Cat or Dog? Let the Computer Decide

Machine learning has changed, and will continue to change the world around us. Over the course of November, I spent time completing an online Lynda course titled, Deep Learning: Image Recognition by Adam Geitgey. In this course, I learned key concepts about neural networks and built on what I learned in last month’s machine learning course. By the end of this course, I was able to get a toy neural network working and understanding, at a basic level, the different components that play a part in making it function.

Geitgey introduces neural networks by first covering how image classification works. He defines image recognition as, “the ability for computers to look at a photograph and understand what’s in the photograph.” The computer is able to do this through a system of individual nodes which are called neurons. The neurons are arranged into groups with other neurons and these groups form what are called layers. Each individual node will take information in, conduct a mathematical calculation, and then pass the information on to the next layer. Through this process the neural network is capable of handling the complex calculations involved in recognizing images.

The course then begins to walk through how you will build the neural network using a framework called Keras. Geitgey explains how the next components of densely connected layers and standard activation functions are easy to implement using the Keras framework. A densely connected layer is simply the jargon phrase that explains how each node in one layer is connected to every node in the next layer. Activation functions handle the process of deciding which inputs emerging from each layer are most important and deserve being passed into the next layer. In this example using Keras, we use a relu activation function to build our neural network. Next will come the optimizer function and the loss function. The optimizer function is the part that will train the data. The loss function is how the neural network decides how accurate the calculation is.

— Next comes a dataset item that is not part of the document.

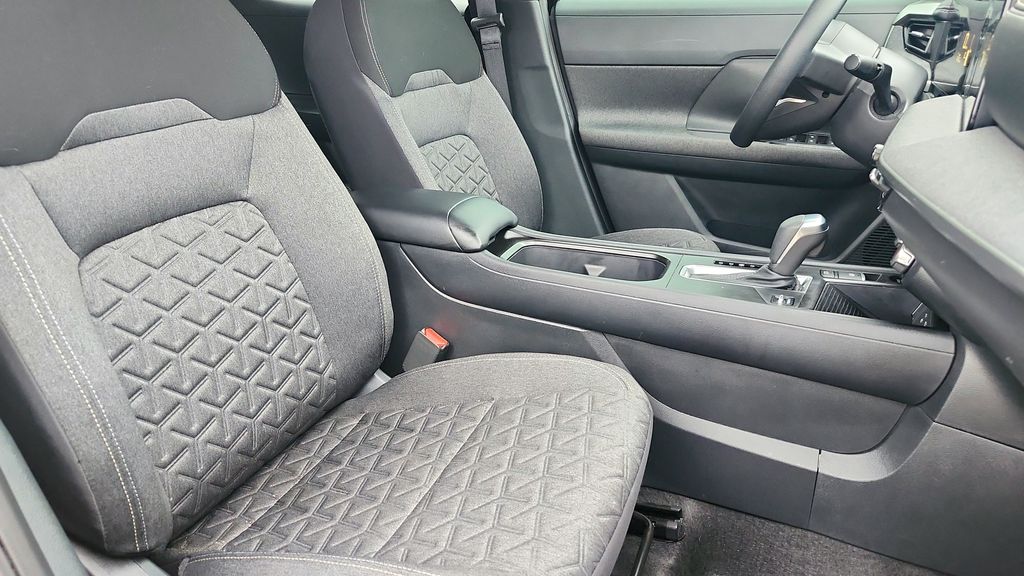 2025 Nissan Kicks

The process of identifying what an image actually is requires the processing of a tremendous amount of data. Neural networks use the color gradient of the picture to calculate where the image contains an object and what that object likely is. This process is done through using individual pixels’ RGB scale. In order to recognize what an object is, the nodes in the first layers seek to identify simple aspects while nodes in deeper layers look for more specific features. We then couple this with a convolutional layer. This layer will allow our model to account for the fact that an object may occur in any part of the image. he convolutional layer breaks apart the image into seperate parts and then decides whether a pattern is emerging in any part of the photo.

The next steps of the course involve actually building your own neural network. Much of this content is interesting and follows basic premises that can be found in introductory machine learning courses. During this process of building the model, Geitgey does recommend including max pooling and dropout in order to increase the program’s efficiency and accuracy. Max pooling is the process of keeping only the largest values that emerge from the convolutional layer and getting rid of everything else. This allows the program to run less data in the next steps and in turn, increases efficiency. Dropout is a common aspect of all machine learning models. In this neural network, it represents deleting random information after the max pooling layer we just added. Doing this helps prevent the program from just memorizing the data. This is important because we want the model to work with any images, not just those passing into it currently.

The rest of the online course was very technical as you walk through the actual programming behind creating a neural network. If the specifics are interesting, I strongly recommend taking time to look at the course on your own. Ultimately, the course does a good job of both explaining key concepts that are necessary to understand neural networks and providing a tutorial about the specific programming required for building a toy model. In the end, this course provided a solid introduction to neural networks without requiring copious readings or lectures.